A similar moment occurred with Alastair Campbell and his bagpipes.
Channel Hop: For its first ten years, the programme was shown on BBC Two. In 2000, the BBC moved the Nine O'Clock News, from nine o'clock to ten o'clock (now known as the BBC News at Ten) after ITV moved News at Ten, to eleven o'clock. This left a gap in the schedules, and the series was moved as a result to 9pm on Friday nights on BBC One.
Boris Johnson is perhaps the most successful example of a politician enjoying a Colbert bump — he became famous enough to become Mayor of London because of this show, when before he was merely infamous in journalistic circles. He then rose through the ranks of the Tories, eventually becoming Foreign Minister, and then Prime Minister - probably the most extreme example of a Colbert Bump ever. Lampshaded by Paul Merton frequently, remarking "His plan worked, so he won't be coming back". This seems a source of regret for the show, considering Ian Hislop's very clear dislike for Boris Johnson, who ironically was first on the show to mock him for a scandal.
As Dara Ó Briain puts it: "If I knew that's what you get from hosting Have I Got News For You, I wouldn't have settled for Mock the Week."
Many people have appeared as a panellist before being upgraded to the host's chair.
For a non-person example, one episode featured a signed photograph of Ian Hislop on eBay that had attracted six hits and no bids. One week later, it had attracted a maximum bid of over £110.
Politicians sometimes take a gamble to try and get the same success Boris has. Unlike him, however, they are often not that successful. Among the more successful would be William Hague, former Conservative Party leader, who ended up doing a few years as a rather successful after-dinner speaker before eventually becoming Foreign Secretary in 2010.
Some writers have tried using the show to springboard their books being launched. Also unlike Boris, it tends not to work for varying reasons, although particularly self-mocking hosts always get a good laugh by making an ironic plug.
Charles Kennedy, the late Liberal Democrat leader, had similar success to Boris Johnson (he became leader at all in part because of the profile the show afforded him, and took his party to its best election result in over 80 years). The opportunities on the show to exhibit his famous wit boosted his popularity with the general public, to the extent that HIGNFY was often mentioned in his obituaries. To recognise this, on the first episode after his early death HIGNFY featured a short montage of his appearances, and avoided discussing his death as a point of news as a sign of respect.

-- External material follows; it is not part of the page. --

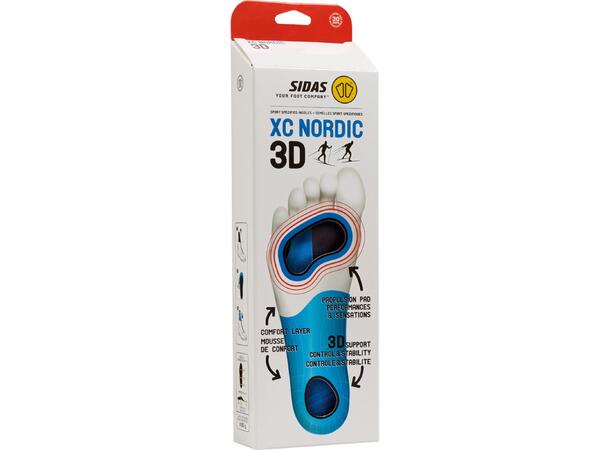 SIDAS 3D XC NORDIC Blå S Formade iläggssulor längdskidåkning 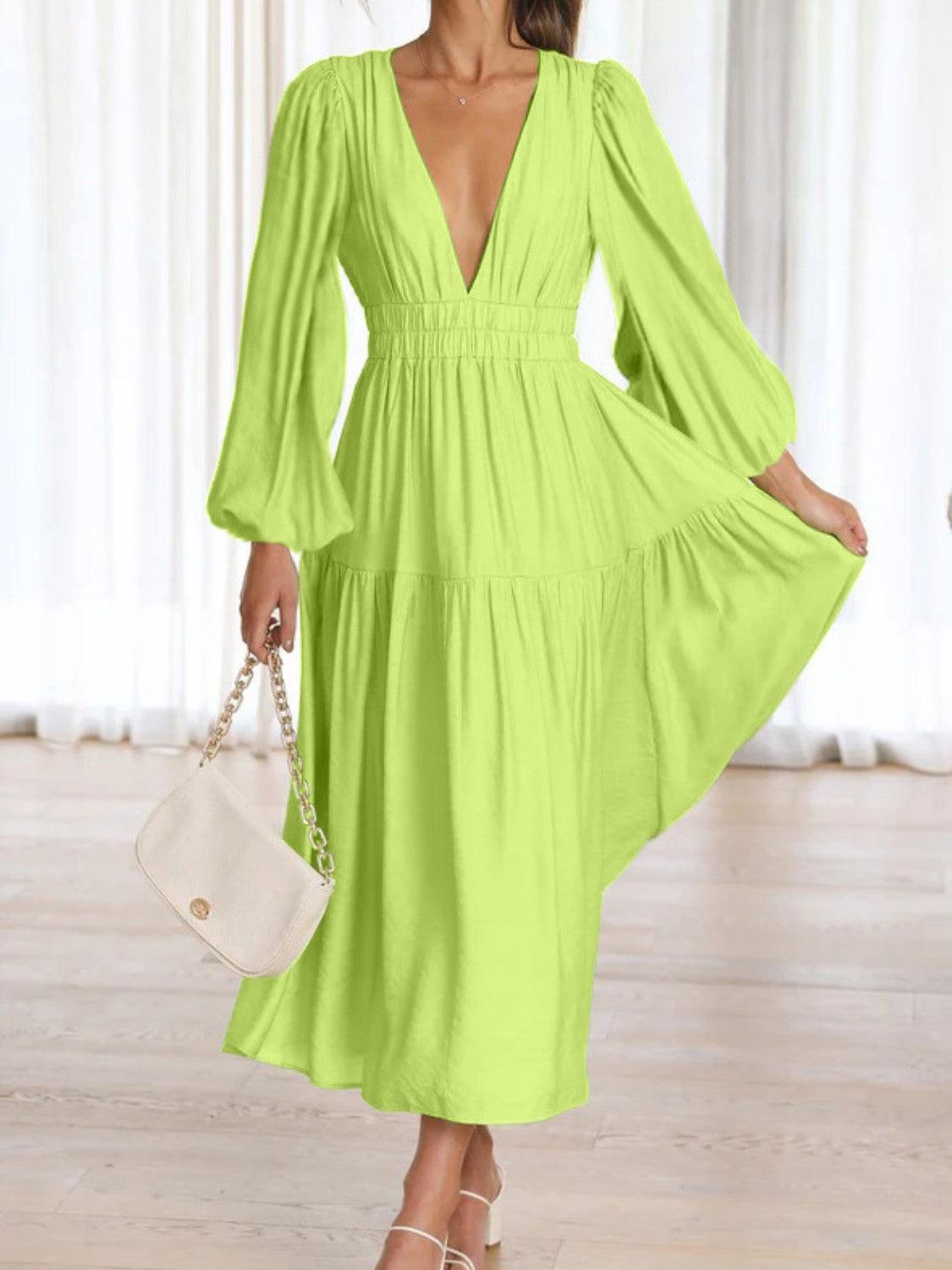 Deep V-Neck Balloon Sleeve Plain Maxi Dress - ClubOn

Series 44 Episode 6 had Rachel Johnson on to promote her new book (it sort of didn't work as the panel ignored her) and Roger Moore admitted that was the "only reason" he was there and showed his new book to the screen. Later on in the episode, it was shown that Ian had taken part in a Greek adaptation of on of his wife's novels and stated that a new one was coming out soon - Moore then showed off his book again to the camera.
Ian tried to bluff his way through talking about the musician Fatboy Slim, prompting Paul to press for more details until he slipped up. Apparently, Fatboy Slim is one of the world's top rave DJs and is responsible for the "Ibiza Sound".
When asked about which team a famous footballer plays for, Ian replied: "He plays FOR FOOTBALL!"
Strangely averted, however, when Ian went on a rant about Pokémon, correctly naming several of them (but getting their evolutions wrong, which he had no real reasons to learn). He has kids who were in the 5-10 age when the TV series and first movie came out in the UK.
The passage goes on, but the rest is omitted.